***** Supplied material *****
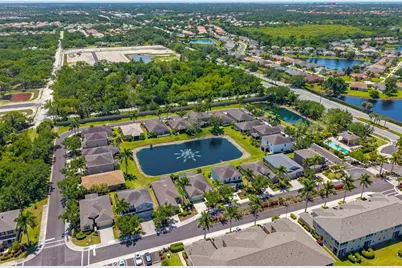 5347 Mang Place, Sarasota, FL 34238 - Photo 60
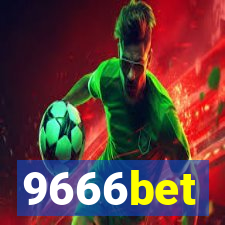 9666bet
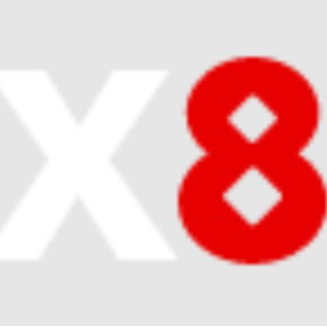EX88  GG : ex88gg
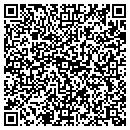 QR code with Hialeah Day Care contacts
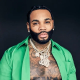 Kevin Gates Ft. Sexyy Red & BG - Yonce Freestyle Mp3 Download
*****
***** Supplied material *****
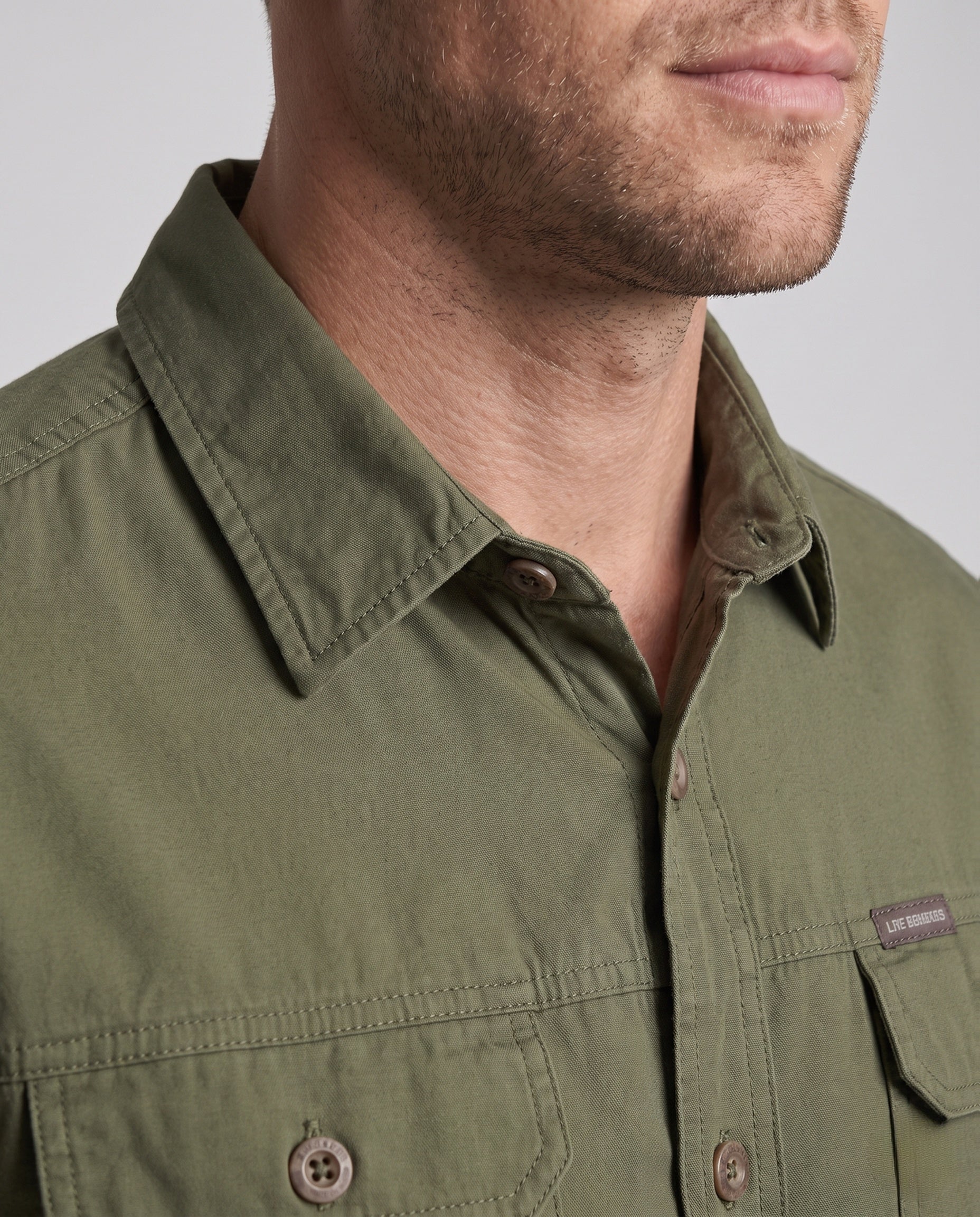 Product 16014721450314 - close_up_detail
*****
***** Supplied material *****
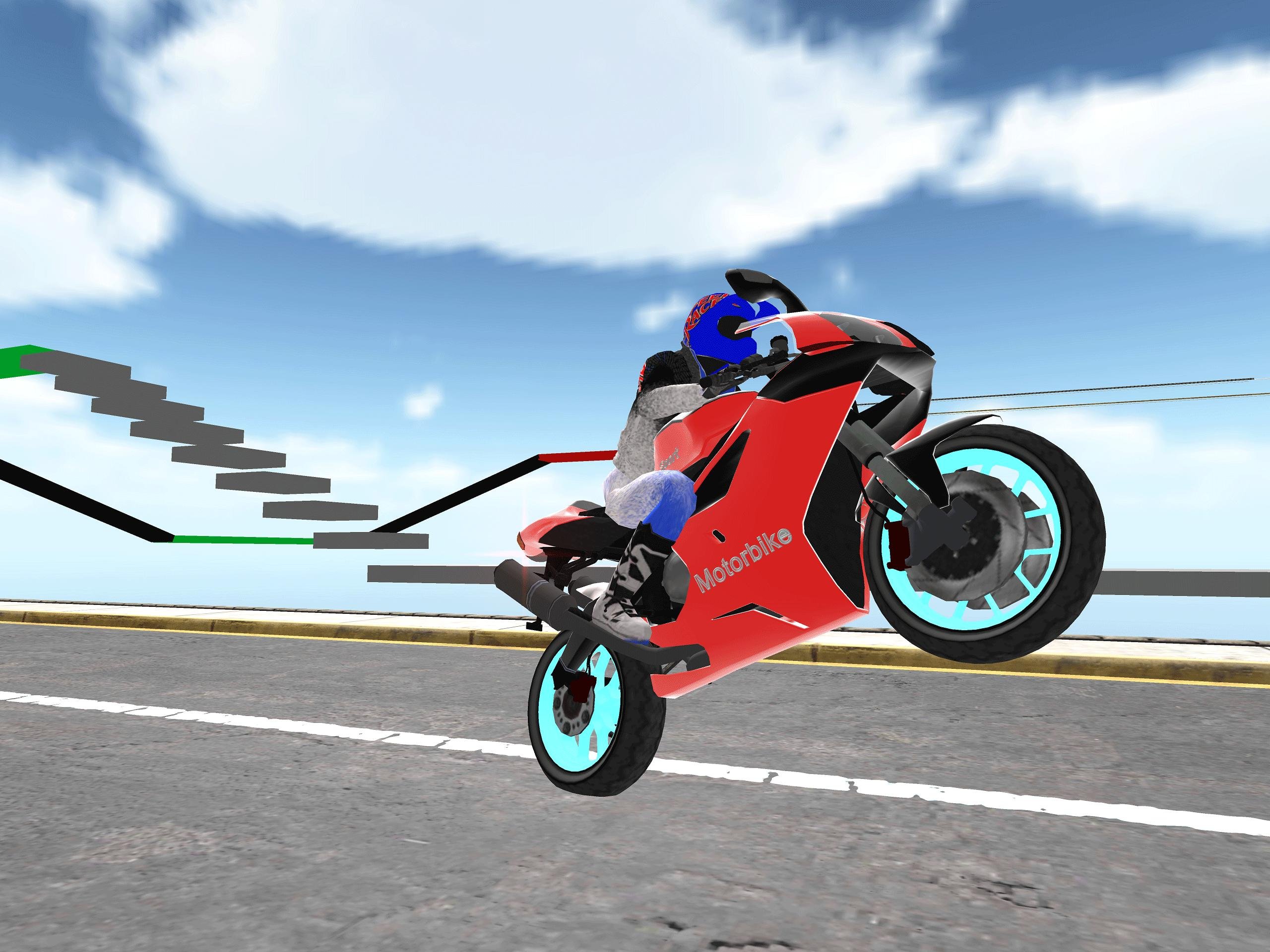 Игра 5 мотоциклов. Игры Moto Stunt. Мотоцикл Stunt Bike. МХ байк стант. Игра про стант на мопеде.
*****
The task » Among the entries above, take the lines from the one with "5347 Mang Place, Sarasota, FL" through the one with "Kevin Gates Ft." and retype them exactly, leaving out the pictures.

Problem solution »
 5347 Mang Place, Sarasota, FL 34238 - Photo 60
 9666bet
EX88  GG : ex88gg
 QR code with Hialeah Day Care contacts
 Kevin Gates Ft. Sexyy Red & BG - Yonce Freestyle Mp3 Download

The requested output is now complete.